Task details:
Among the lines below, take the one holding "VENEDA SOFA", the one holding "3659 W 18th Ave, Eugene, OR 97402 - Photo 34", and all lines between them. Set them down exactly.

Records:
****************************************
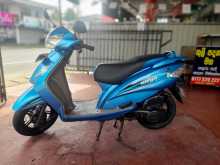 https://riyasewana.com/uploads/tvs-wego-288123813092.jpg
****************************************
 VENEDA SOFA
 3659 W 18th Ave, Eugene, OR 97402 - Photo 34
****************************************
Your solution:
 VENEDA SOFA
 3659 W 18th Ave, Eugene, OR 97402 - Photo 34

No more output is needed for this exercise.